Paper Structure (14 sections, 12 equations, 4 figures, 6 tables)

This paper contains 14 sections, 12 equations, 4 figures, 6 tables.

Figures (4)

  • Figure 1: Higher-order feature statistics across cohorts. Bar plots of skewness and kurtosis computed from intermediate 3D U-Net feature maps across four sMRI cohorts. For each dataset, channel-wise feature distributions were aggregated over test samples and their higher-order moments were summarized. Error bars denote the 95% confidence intervals (CI). Clear variability in skewness and kurtosis was observed across cohorts, indicating that feature distributions differ beyond mean and standard deviation.
  • Figure 2: EM integration into a 3D U-Net encoder and its internal operation. EM receives a batch of feature maps as input, and produces a batch of mixed feature maps as output. In detail, the batch $(\boldsymbol{x}_1, \boldsymbol{x}_2, \ldots, \boldsymbol{x}_B)$ are obtained from Layer 2, and are used to compute per-channel feature statistics $m$. For each sample $b$, the mean ($\mu_b$), standard deviation ($\sigma_b$), skewness ($\gamma_b$), and kurtosis ($\kappa_b$) are computed (depending on the specific variant, $EM_1$ or $EM_2$). These statistics are randomly paired (e.g. between $\boldsymbol{x}_b$ and $\tilde{\boldsymbol{x}}_b$), and mixed through a random sample-specific mixing coefficient $\lambda_b$ producing mixed statistics $\boldsymbol{m}^{mix}_b$. Each feature map is then normalized using its original statistics and renormalized using its corresponding mixed statistics, thus generating mixed feature maps that are forwarded to the next encoder layer.
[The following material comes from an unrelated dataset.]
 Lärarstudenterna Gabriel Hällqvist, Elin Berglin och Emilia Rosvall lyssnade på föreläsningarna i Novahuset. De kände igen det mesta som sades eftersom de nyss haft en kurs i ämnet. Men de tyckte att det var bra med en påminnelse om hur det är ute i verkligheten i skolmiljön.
  • Figure 3: Grad-CAM visualizations on 3D sMRI samples across cohorts. The figure presents NC, MCI and AD subjects from ADNI (top row), AIBL (middle row), and OASIS (bottom row). For each cohort, columns show: original sMRI scans, MixStyle baseline, EM1 based on mean, standard deviation, and skewness, and EM2 extending EM1 with kurtosis.
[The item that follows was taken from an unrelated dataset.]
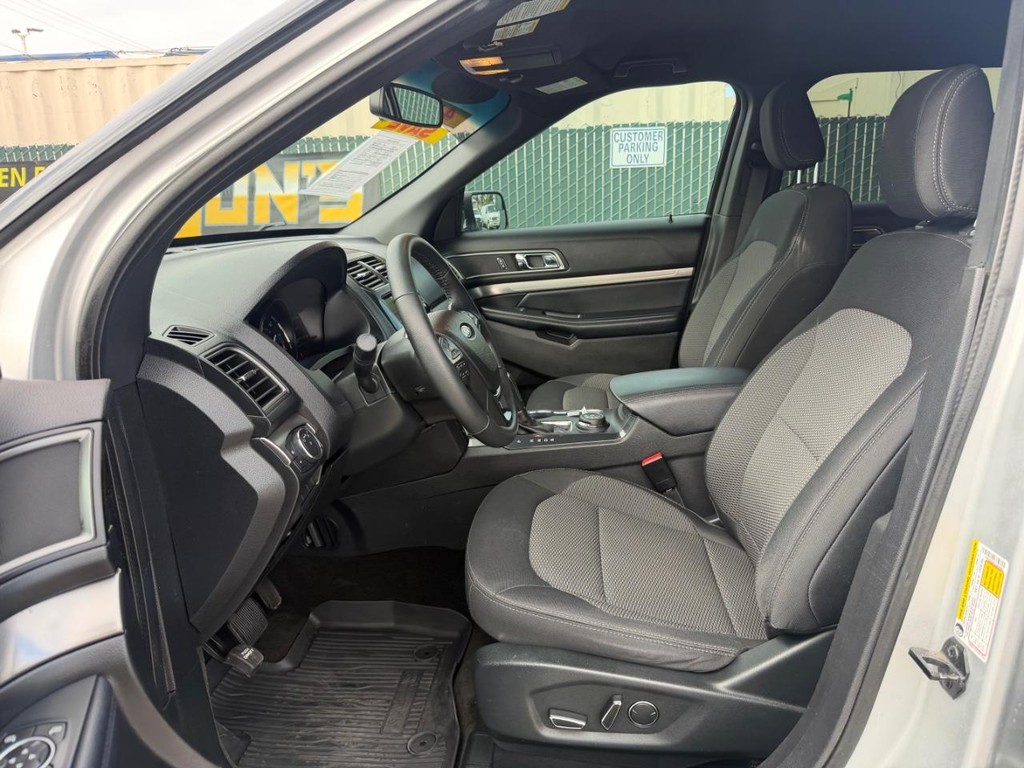 Ford Explorer Vehicle Full-screen Gallery Image 16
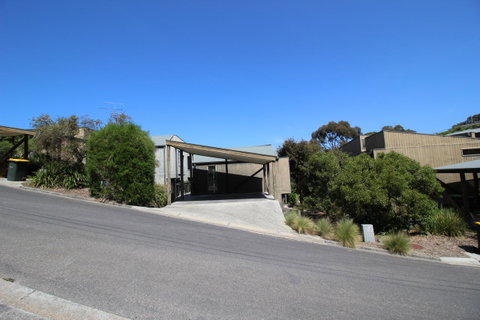 Lorne Holiday House - Dalby Accommodation 15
  • Figure 4: t-SNE visualizations of sMRI embeddings under different training settings. Data were drawn from four cohorts: NACC, ADNI, AIBL, and OASIS. The vanilla 3D U-Net (a) shows clear cohort-specific clustering, with AIBL forming compact islands and OASIS concentrated in the upper region, while ADNI and NACC remain distinct. EFDM (b) increases inter-cohort mixing, creating a dense shared embedding space though NACC still trends toward the outer edge. EM1 (c) and EM2 (d) further enhance overlap, dispersing cohort-specific clusters and producing a more uniform interleaved structure.